(WHAT TO DO): What does the data read, word for word, from the line containing "Women’s Like New" through its final line? Give those lines only.

========================================================================

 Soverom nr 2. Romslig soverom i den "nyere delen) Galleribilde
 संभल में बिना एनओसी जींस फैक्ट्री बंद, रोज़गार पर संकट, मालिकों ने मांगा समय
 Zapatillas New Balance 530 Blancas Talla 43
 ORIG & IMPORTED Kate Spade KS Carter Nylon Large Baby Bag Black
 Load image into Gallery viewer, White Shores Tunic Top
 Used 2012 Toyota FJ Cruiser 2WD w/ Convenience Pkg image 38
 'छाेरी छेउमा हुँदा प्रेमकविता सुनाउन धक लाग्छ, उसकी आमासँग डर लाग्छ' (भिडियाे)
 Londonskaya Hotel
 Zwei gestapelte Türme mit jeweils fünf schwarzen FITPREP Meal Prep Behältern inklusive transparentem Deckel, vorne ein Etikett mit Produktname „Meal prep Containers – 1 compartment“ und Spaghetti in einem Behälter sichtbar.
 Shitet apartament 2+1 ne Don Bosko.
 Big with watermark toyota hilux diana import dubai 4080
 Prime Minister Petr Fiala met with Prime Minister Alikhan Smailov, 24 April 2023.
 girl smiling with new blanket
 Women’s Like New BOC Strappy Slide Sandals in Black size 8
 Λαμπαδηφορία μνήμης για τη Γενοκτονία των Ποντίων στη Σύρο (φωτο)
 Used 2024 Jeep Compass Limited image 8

========================================================================

(REPLY):
 Women’s Like New BOC Strappy Slide Sandals in Black size 8
 Λαμπαδηφορία μνήμης για τη Γενοκτονία των Ποντίων στη Σύρο (φωτο)
 Used 2024 Jeep Compass Limited image 8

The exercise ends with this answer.